EXERCISE OBJECTIVE
Filtering the records below, copy only those lines that include the word "Gabbana".
Segment Open
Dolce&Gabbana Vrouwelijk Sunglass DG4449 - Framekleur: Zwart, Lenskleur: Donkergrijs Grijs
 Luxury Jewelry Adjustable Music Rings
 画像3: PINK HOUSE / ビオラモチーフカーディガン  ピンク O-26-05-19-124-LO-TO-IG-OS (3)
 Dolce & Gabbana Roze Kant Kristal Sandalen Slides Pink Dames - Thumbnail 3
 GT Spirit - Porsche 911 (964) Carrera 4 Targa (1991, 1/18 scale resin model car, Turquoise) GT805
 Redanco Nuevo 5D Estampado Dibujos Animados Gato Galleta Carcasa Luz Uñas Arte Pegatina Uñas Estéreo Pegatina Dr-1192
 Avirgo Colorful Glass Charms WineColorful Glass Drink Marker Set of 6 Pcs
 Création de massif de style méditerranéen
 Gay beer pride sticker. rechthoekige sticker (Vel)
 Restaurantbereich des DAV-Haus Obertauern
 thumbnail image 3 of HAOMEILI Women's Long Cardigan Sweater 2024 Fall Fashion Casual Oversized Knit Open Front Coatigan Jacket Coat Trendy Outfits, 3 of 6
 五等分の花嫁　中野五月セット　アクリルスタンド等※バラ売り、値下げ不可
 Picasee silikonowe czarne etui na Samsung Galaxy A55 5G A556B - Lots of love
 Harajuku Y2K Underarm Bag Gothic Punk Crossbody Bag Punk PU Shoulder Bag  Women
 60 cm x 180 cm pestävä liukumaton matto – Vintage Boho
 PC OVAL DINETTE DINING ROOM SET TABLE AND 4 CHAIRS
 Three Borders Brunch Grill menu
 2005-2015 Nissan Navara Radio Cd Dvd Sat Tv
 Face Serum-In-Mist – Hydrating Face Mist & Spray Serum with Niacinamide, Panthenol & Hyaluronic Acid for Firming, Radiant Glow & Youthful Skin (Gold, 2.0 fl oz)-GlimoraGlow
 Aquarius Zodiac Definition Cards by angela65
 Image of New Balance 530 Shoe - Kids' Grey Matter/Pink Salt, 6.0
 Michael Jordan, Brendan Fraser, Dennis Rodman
Segment Closed
ANSWER TO THE PROBLEM
Dolce&Gabbana Vrouwelijk Sunglass DG4449 - Framekleur: Zwart, Lenskleur: Donkergrijs Grijs
 Dolce & Gabbana Roze Kant Kristal Sandalen Slides Pink Dames - Thumbnail 3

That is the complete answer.